Reporters Without Borders voiced concern today about the mutual hostility between Sylvia Blyden, a government ally and publisher of the privately-owned Awareness Times daily, and Philip Neville, the executive editor of the privately-owned Standard Times daily, which led to Neville’s arrest yesterday in Freetown on a charge of libelling Blyden.
“This regrettable case shows that Sierra Leone lacks effective mechanisms for regulating the media,” the press freedom organisation said. “Throwing Neville in prison serves only to punish him in a disproportionate manner and portray the judicial system as one that takes orders from government associates.”
Reporters Without Borders added: “We urge Blyden to withdraw her libel suit so that there can be a serious debate about reform of the defamation law, which President Ahmad Tejan Kabbah promised in 2005.”
After a slanging match of several weeks in which the two newspaper executives swapped accusations and insults, Blyden filed a criminal libel accusation against Neville, who is also vice-president of the Sierra Leone Association of Journalists (SLAJ), the country’s leading journalists’ union. A warrant for Neville’s arrest was issued on 5 February and he was arrested yesterday while hiding out in Freetown.
Blyden, who owns several companies, is a controversial figure and was described by one journalist as a “self-proclaimed press spokesperson for government ministers and people in power.” A close associate of Vice-President Solomon Berewa, a possible successor to President Kabbah, she has often attacked journalists working for the privately-owned press, above all Neville.

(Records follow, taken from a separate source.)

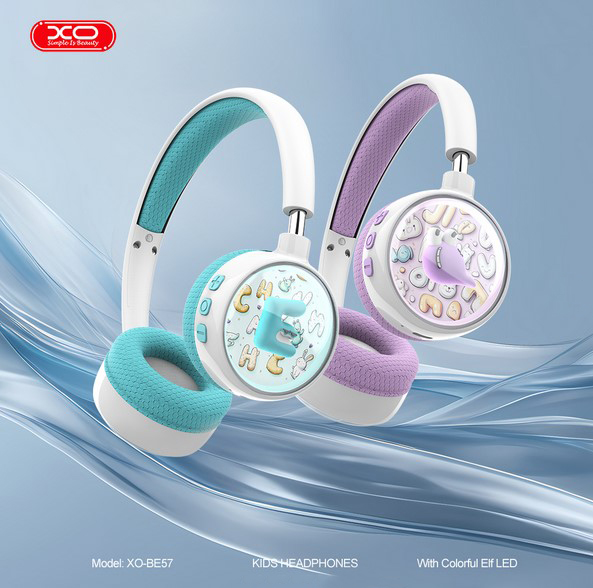 XO HF Bluetooth Overear, Cartoon Kids purple – BE57 - Image 4
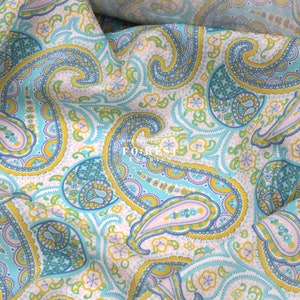 Liberty of London (Organic Tana Lawn Fabric) - Pasha&#39;s Paisley Flower BLUE - 50cm
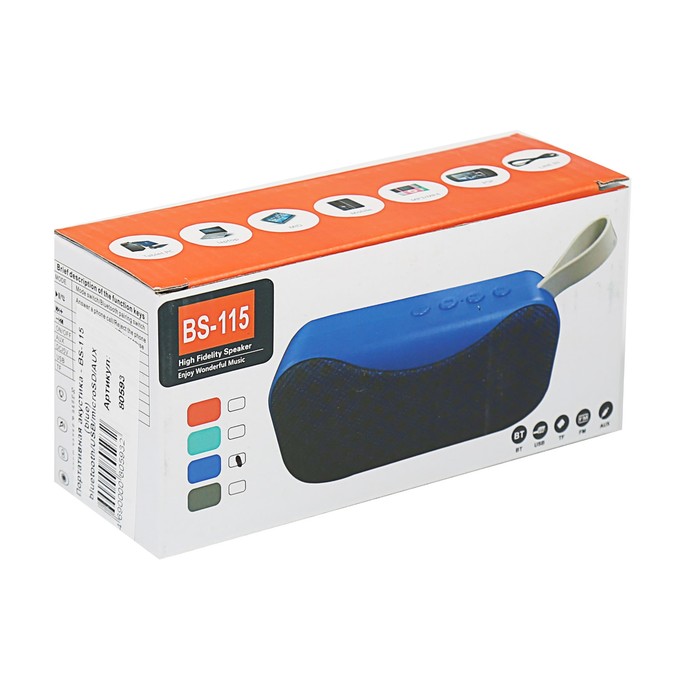 Портативная акустика Activ BS-115, bluetooth/USB/microSD/AUX, аккумулятор 400 мАч, синяя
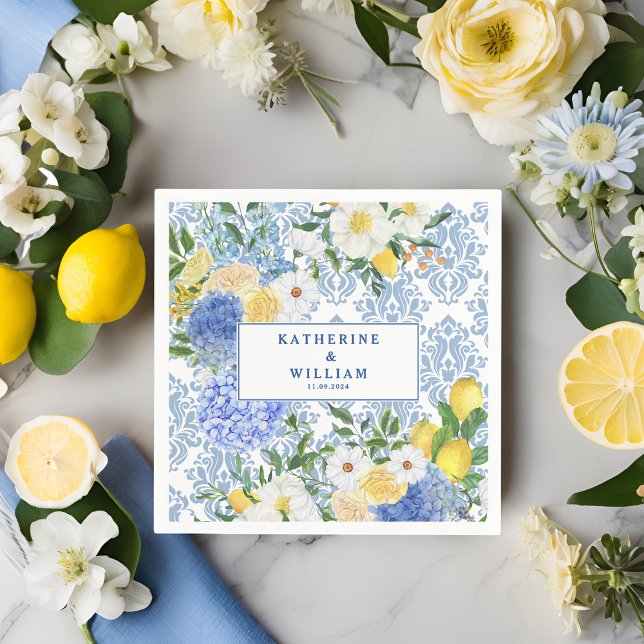 Lemon Mediterrane Tile Blau und Gelb Serviette (Von Creator hochgeladen)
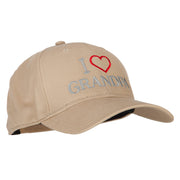 I Love Grandpa Embroidered Solid Cotton Pro Style Cap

When Neville was elected SLAJ vice-president, Awareness Times ran a front-page photo of him with the caption “A Reckless Fool.” The Standard Times launched a smear campaign against Blyden last December, with accusations about her past, her intentions and her family background, and insinuating that she used the newspaper to settle scores with her former lovers.
The campaign culminated last month with the publication of a photomontage showing a nude Blyden in a lewd pose alongside the former head of the RUF rebels, Foday Sankoh, whose eyes were fixed on her lower abdomen.
Following a seminar in October 2005 on the role of the media, Bernadette Cole, the head of the Independent Media Commission (a regulatory body), announced that she had received a letter from President Kabbah in which he requested a reform of the criminal defamation law, known as the Public Order Act.
During a subsequent meeting with journalists, the president’s spokesman confirmed this desire, attributing it to “President Kabbah’s new way of thinking about free speech and press freedom.” But since then, nothing has been done. A presidential election is due to be held in July.